* **Task details**
In the listing below, find the line containing "Hotel Kuelap Chachapoyas Luaran gambar" and the line containing "Ferienwohnung für 2 Personen, mit Sauna - 1". Repeat exactly those two lines and every line between them.

* **Records supplied**
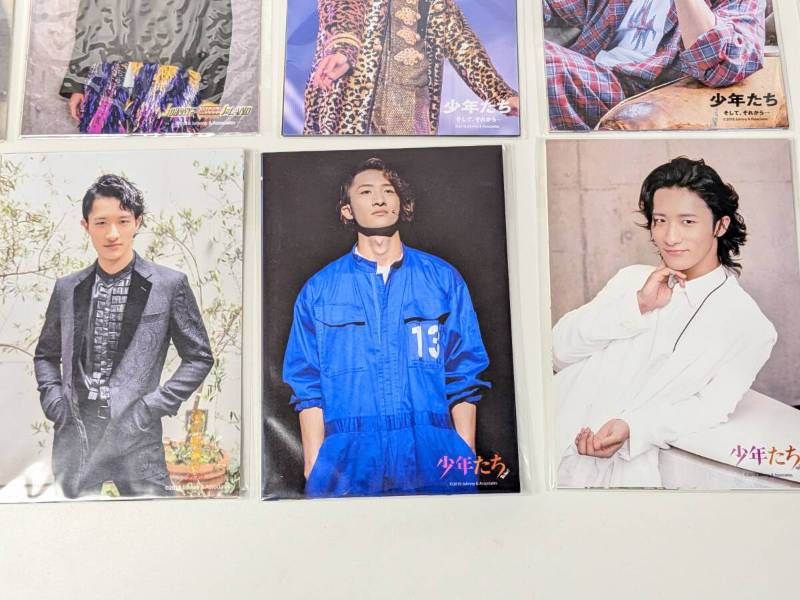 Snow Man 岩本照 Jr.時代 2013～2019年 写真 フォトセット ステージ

--

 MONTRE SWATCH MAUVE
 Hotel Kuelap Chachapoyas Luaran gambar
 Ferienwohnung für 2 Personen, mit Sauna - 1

* **Answer to this task**
 Hotel Kuelap Chachapoyas Luaran gambar
 Ferienwohnung für 2 Personen, mit Sauna - 1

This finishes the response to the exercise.